Poor Bobby Jindal- nobody would have looked or sounded good after Obama’s speech but Jindal seemed particularly stilted and there seemed to be a real disconnect between where Jindal and the Washington far right GOP are coming from (Reagans failed policies from the 80’s) and the average person’s reality- it’s all well and good Jindal wants to run for President in 2012, but aren’t he and the Eric Cantors of the world putting a narrow ideological agenda above the nation’s well-being? We are going to rise together or we are going to fall together and it’s becoming more and more obvious some in the GOP want Obama to fail.
I agree that bipartisanship is well and good but not at the expense of Obama’s policy agenda- an agenda that was overwhelmingly supported by the people. I think it’s laudable he wants to reach across the aisle but when the GOP does little more than bite his hand and trash him publicly, he needs to learn that they bear some responsibility for chaging the tone in washington too.
I also agree Obama needs to be more open about reclaiming the words “liberal”, “left” and “progressive”- they are not dirty words, particularly given the last 8 years of endless, costly war, no social agenda at all and a shameless attitude of greedy “Me-ism” hasn’t exactly been a huge success. Maybe we’ll get to the point where “conservative” and “ultra-conservative” turn people off?
Just for the record, I’m still pissed off about some of Hillary’s statements in China and I feel like the media didn’t really give the human rights angle, and the implications, enough coverage. Since the new thing seems to be to appoint “Special Envoys” to every problem spot, do you think Hillary would name me Special Envoy to Tibet? 🙂
Hey, Stacy, you don’t know till you ask re that post as special envoy to Tibet. Why not?
Thanks to you, I am now envisioning a world where “conservative” is a negative word.
I came across this link about how Obama discussed liberal/progressive/populist ideas but shied away from calling them out as such:
http://www.politico.com/news/stories/0209/19294.html
I think the mainstream media plays a big role in defining and perpetuating the “liberal is a dirty word” meme.
The media plays a big part, but so do we when we recoil from an epithet. The right is ruthless at mudslinging. Liberals, progressives, Democrats, feminists, card carrying members of the ACLU–whatever, all of us on this side of the aisle have to pour starch into our spines and turn the offending label into a badge of honor.
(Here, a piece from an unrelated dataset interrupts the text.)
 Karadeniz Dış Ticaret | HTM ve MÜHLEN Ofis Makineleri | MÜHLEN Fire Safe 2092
Obama’s resolute sincerity is well expressed in yesterday’s speech, the same recognizable strain of sincerity that runs through “The Audacity of Hope” written some years back. There is a deep sense of urgency and prioritizing, and I feel the priorities he set are indeed the right ones. He talks about responsibility, in context of ending the war, the recovery plan, the future. It’s good to see the return of a notion of” responsibility” in national rhetoric; the infusion of that notion in the present climate of ideas. And the president stresses that responsibility is a two way process, and that the “system” cannot work without citizens’ participation. His call to take ownership, to belong, to be accountable is a foundational idea of democracy. We cannot continue to take the system for granted, because our blasé attitude, our fatal ignorance, our failure to participate and question and think in the long term has allowed certain actors to have considerable leeway to exploit the system. Democracy cannot be treated like one treats a free sample –received without any effort on our part, and may or may not be used.
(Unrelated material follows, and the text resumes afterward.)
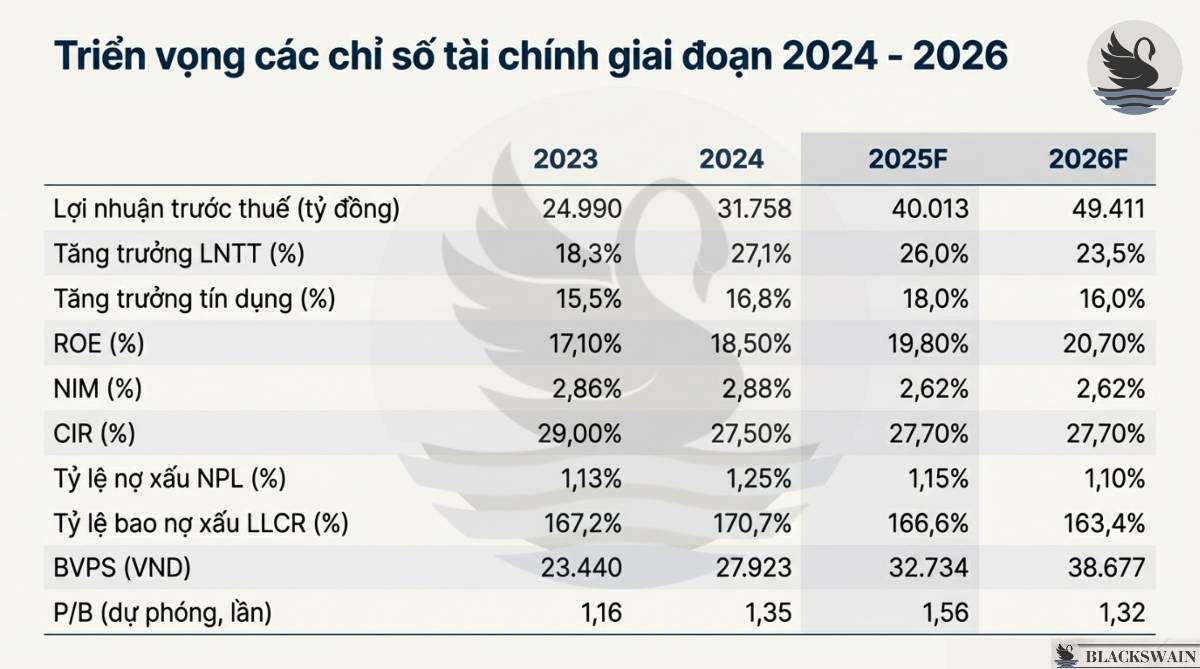 Phân tích - Khuyến nghị CTG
I like how you locate his address within a framework of “creation of meaning”, because democracy is mostly about creation of meanings too. New meanings, new inclusions, new opportunities, and a new future.
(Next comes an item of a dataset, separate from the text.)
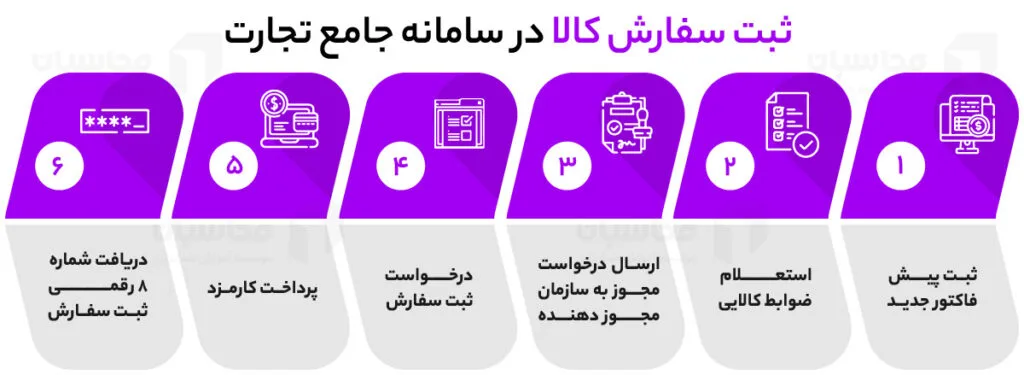 سامانه جامع تجارت چیست؟ راهنمای کامل ثبت نام و کار با سامانه جامع تجارت 7 ثبت سفارش کالا در سامانه جامع تجارت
Bobby Jindal’s tired rhetoric disappointed me. Indeed it almost seemed to me that he did not understand or willfully misunderstood certain parts of the presidential speech. John Hummel is hilarious!
Welcome, Debjani-
I’m most intrigued by your thought that democracy itself is about the creation of meaning. It had not occurred to me to consider the concept on that canvas, but now that you point it out, I realize it is surely true that any social construct requires leaders to create its meaning. Thanks for that insight.